- Supreme Court of the United States

Argued November 28, 2017 Decided March 20, 2018
- Full case name: Cyan, Inc. v. Beaver County Employees Retirement Fund
- Docket no.: 15-1439
- Citations: 583 U.S. ___ (more) 138 S. Ct. 1061; 200 L. Ed. 2d 332

Case history
- Prior: Cert. granted, 137 S. Ct. 2325 (2017).

Holding
- The Securities Litigation Uniform Standards Act of 1998 did not strip state courts of jurisdiction to adjudicate class actions alleging only 1933 Securities Act violations; nor did it authorize removing such suits from state to federal court.

Court membership
- Chief Justice John Roberts Associate Justices Anthony Kennedy · Clarence Thomas Ruth Bader Ginsburg · Stephen Breyer Samuel Alito · Sonia Sotomayor Elena Kagan · Neil Gorsuch

= Cyan, Inc. v. Beaver County Employees Retirement Fund =

Cyan, Inc. v. Beaver County Employees Retirement Fund, 583 U.S. ___ (2018), was a United States Supreme Court case in which the Court held the Securities Litigation Uniform Standards Act of 1998 did not strip state courts of jurisdiction to adjudicate class actions alleging only 1933 Securities Act violations; nor did it authorize removing such suits from state to federal court.

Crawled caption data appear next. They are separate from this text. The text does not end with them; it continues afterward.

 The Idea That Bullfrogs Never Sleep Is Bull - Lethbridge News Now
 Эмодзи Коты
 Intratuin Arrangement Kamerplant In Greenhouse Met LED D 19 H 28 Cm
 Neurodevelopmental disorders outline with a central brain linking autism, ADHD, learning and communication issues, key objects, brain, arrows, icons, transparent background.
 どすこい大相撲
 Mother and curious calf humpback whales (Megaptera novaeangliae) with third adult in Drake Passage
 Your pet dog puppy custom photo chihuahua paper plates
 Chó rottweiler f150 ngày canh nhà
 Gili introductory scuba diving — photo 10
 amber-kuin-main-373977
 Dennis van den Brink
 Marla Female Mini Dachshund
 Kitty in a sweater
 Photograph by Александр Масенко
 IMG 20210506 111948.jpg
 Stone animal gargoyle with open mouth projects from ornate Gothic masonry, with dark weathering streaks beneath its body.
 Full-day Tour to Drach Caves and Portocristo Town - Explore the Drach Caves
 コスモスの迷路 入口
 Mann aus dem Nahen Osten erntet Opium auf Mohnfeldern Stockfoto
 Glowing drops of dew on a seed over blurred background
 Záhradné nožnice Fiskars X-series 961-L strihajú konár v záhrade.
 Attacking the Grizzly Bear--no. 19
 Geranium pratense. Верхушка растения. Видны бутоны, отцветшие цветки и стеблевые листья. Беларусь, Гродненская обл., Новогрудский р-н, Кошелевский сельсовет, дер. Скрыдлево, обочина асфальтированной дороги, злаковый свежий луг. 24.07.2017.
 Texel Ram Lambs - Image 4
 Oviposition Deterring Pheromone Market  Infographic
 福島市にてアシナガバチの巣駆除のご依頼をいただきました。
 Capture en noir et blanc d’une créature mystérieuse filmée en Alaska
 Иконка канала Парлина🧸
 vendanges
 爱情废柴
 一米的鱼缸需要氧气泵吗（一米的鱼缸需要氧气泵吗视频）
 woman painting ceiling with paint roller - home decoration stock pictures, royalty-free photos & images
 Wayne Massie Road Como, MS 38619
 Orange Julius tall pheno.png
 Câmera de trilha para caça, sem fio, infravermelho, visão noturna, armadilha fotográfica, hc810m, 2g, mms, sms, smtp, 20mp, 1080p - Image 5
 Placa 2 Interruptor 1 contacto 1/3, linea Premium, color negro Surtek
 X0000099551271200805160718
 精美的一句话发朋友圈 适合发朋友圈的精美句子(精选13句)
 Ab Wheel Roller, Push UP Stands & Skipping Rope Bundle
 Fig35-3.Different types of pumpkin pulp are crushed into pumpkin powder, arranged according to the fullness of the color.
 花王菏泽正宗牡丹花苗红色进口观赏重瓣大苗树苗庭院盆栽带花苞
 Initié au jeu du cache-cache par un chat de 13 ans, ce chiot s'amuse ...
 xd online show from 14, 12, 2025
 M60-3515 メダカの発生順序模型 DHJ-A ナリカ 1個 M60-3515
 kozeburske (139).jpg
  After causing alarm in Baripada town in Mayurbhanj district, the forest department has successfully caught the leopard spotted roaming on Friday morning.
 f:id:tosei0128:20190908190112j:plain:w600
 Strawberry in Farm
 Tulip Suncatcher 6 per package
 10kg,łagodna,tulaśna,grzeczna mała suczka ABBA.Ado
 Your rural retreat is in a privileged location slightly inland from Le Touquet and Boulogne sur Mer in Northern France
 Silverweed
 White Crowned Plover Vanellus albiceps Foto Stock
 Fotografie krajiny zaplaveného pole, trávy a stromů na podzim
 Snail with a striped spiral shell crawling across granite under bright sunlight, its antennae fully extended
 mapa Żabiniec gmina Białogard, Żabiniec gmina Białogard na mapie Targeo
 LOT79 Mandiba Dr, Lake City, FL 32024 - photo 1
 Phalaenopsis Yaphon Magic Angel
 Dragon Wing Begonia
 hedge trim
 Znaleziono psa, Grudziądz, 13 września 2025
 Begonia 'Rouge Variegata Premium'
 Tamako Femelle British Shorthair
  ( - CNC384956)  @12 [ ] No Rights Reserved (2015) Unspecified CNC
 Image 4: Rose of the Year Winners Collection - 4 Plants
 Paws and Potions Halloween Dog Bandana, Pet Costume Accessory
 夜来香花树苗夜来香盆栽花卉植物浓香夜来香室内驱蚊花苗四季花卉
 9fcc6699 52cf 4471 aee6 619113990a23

The suit was initially filed by a group of public entities, including Beaver County against Cyan Inc alleging losses on securities attributable to shortcoming in disclosures by Cyan.

The Second Circuit (which includes New York) put 1933 Act cases in federal court, while the Ninth Circuit (which includes California) allowed '33 Act cases in state court. This circuit split was decided in favor of the Ninth Circuit's interpretation.